Ciò, specie nel corso del primo appuntamento televisivo, trasmesso lo scorso 10 ottobre e durante il quale si è parlato, tra le altre cose, di Federico II e dei castelli di Puglia. Comprensibile l’attenzione riservata al maestoso e unico Castel del Monte di Andria, ma perché non considerare minimamente un altro unicum qual è il castello di Oria? No, non possono e non devono essere considerate attenuanti i recenti problemi – estranei alla storia – che lo circondano.
Certamente clamoroso il caso di Brindisi, questo sabato, quando si è accennato alla costruzione della Via Appia in epoca romana. L’Appia, come noto, partiva da Roma e conduceva proprio al capoluogo adriatico, passando anche da Oria.
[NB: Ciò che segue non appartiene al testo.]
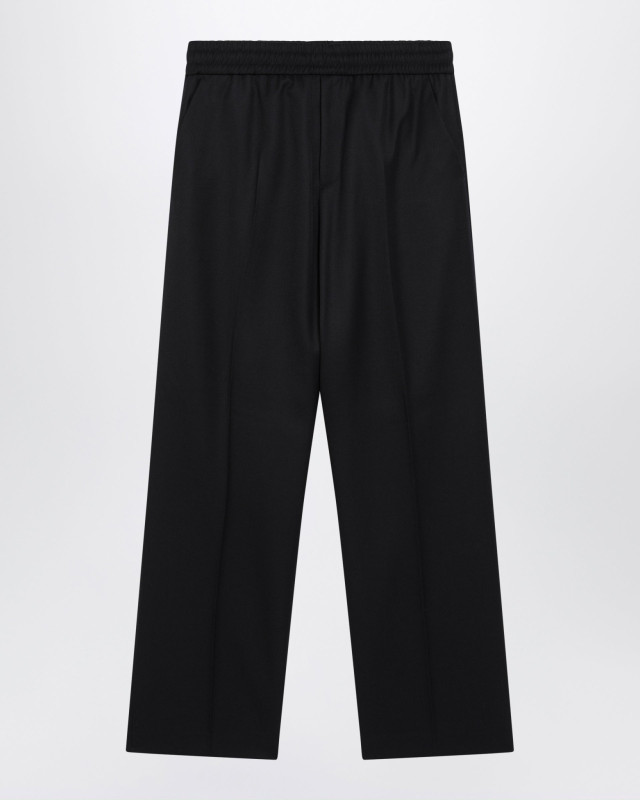 [Golden Goose] Trousers FW26 GMP01870P000961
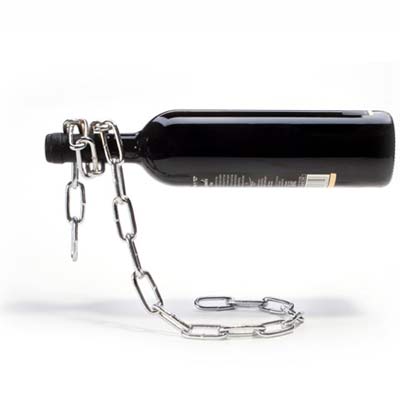 Wine Bottle Holder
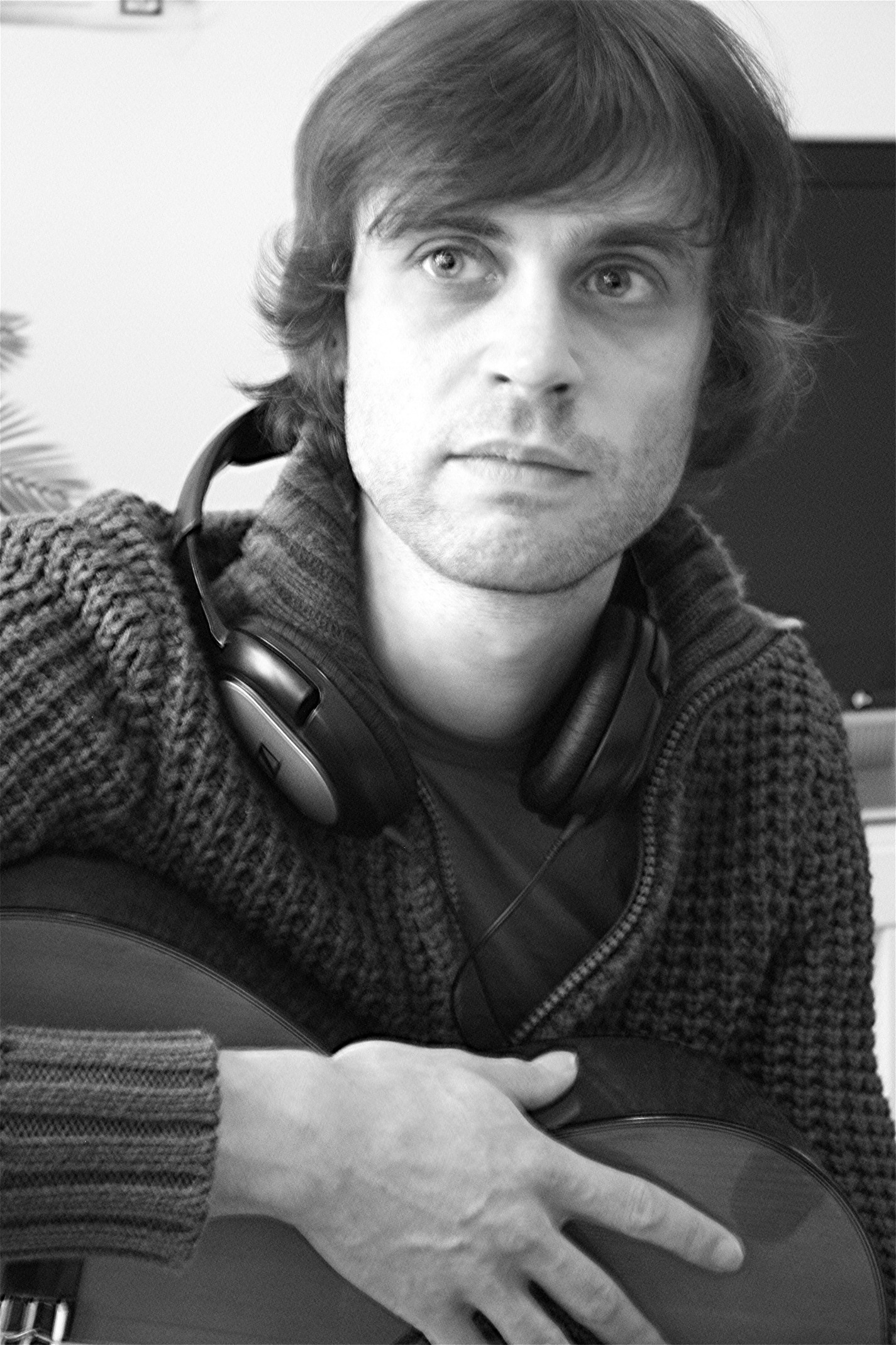 BORIS KLABUNDE This Is Home boris-klabunde-this-is-home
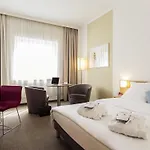 Novotel Düsseldorf City West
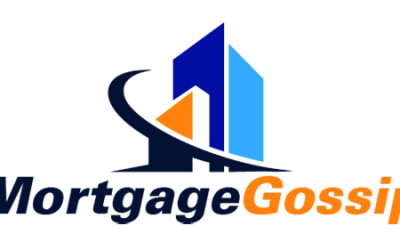 MortgageGossip.com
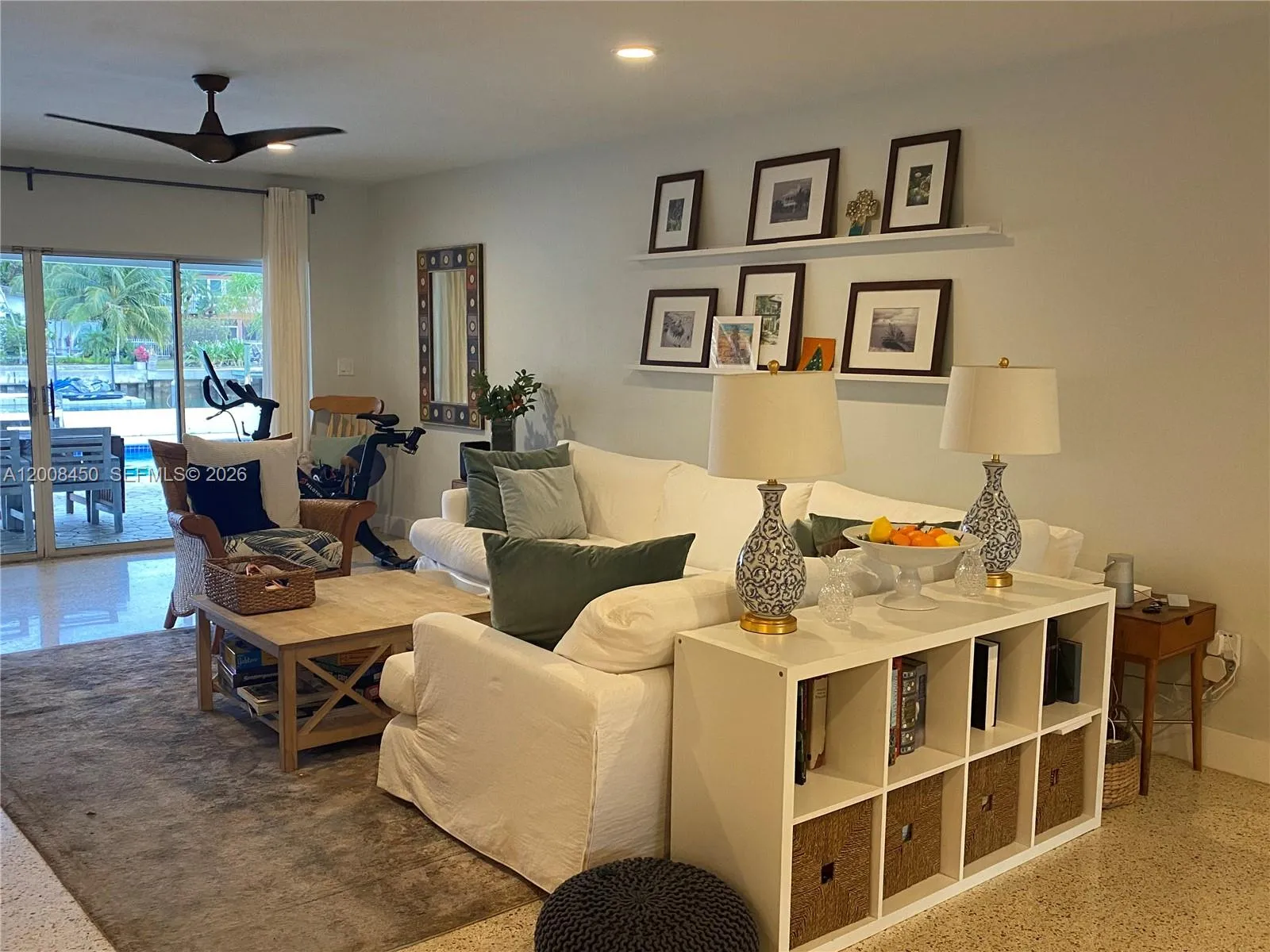 3485 N Meridian Ave, Miami Beach FL 33140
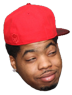 Smug Webbie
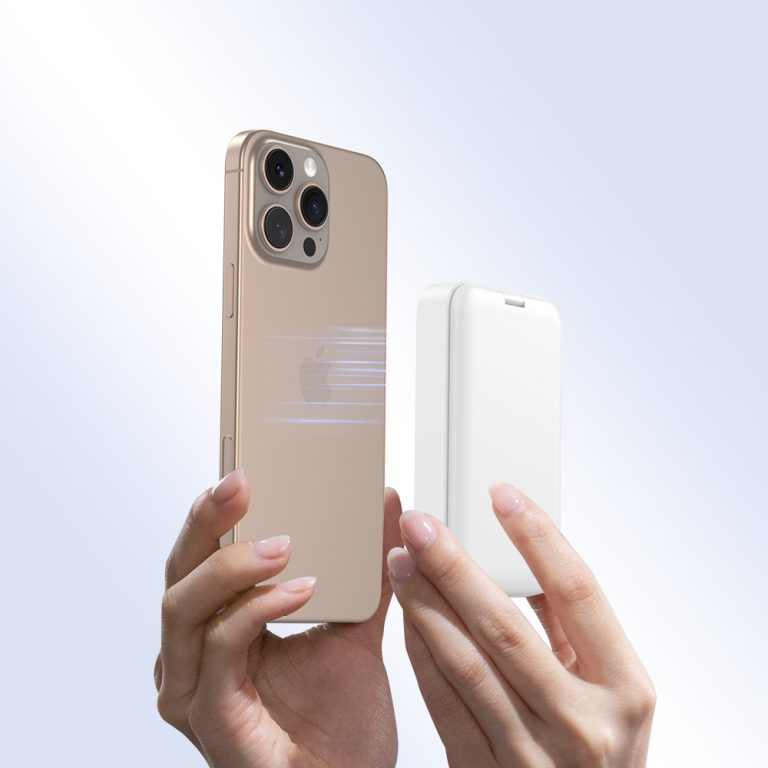 P20-white (10)
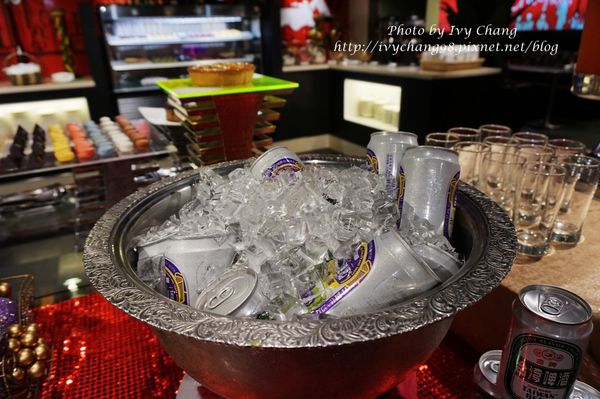 DSC01250.JPG DSC01250.JPG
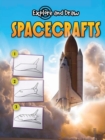 Image for Spacecrafts, Drawing and Reading
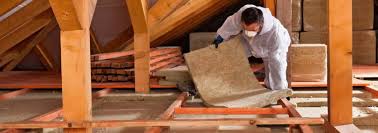 Reliable San Diego, TX Insulation Solutions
Ecco un motivo in più per il quale sarebbe stato opportuno e corretto fare una capatina anche in questi due importanti luoghi, che di cose da raccontare ne hanno eccome. Si è parlato anche della Xylella, ma neppure in questo caso nulla su quell’enclave dell’epidemia che è Oria.
D’accordo la necessità di sintesi, ma in due puntate due anche un semplice sopralluogo si sarebbe, in fondo, potuto effettuare. Così, oltre che delle grotte di Castellana, dei trulli di Alberobello, del canalone di Gravina in Puglia, della cattedrale di Trani, della Donna di Ostuni, di Castel del Monte e poi, ancora, di Lecce e del suo barocco, della cartapesta, del carnevale di Putignano, della chiesa di Santa Caterina d’Alessandria a Galatina, dell’oliveto millenario di Ostuni, di Gallipoli, della Focara di Novoli, della Grecìa Salentina, della cripta dei Santi Stefani di Vaste (Poggiardo), della chiesetta di Santo Stefano a Soleto, dell’olio d’oliva, del pane, delle friselle, della pasta fresca, dei pomodori, dei lampascioni, dei formaggi, dei ceci, dell’uva, del vino, di Taranto, dei delfini di Taranto, del Museo Archeologico, degli artigiani tarantini, di navi e marinai, del castello aragonese, delle cozze, di Otranto, di pizzi merletti e ricami, del lago rosso nell’ex cava di bauxite, della Zinzulusa, della grotta dei Cervi a Porto Badisco, della grotta della poesia a Roca Vecchia, del faro di Punta Palascìa, del Salento nel cinema, dell’Alba dei popoli; oltre che di tutto ciò, di sicuro in grado di tramandare millenni di civiltà, non si sarebbe proprio potuto volgere uno sguardo – magari anche fugace – a Brindisi e poi a Oria, che vanta 3mila anni di storia?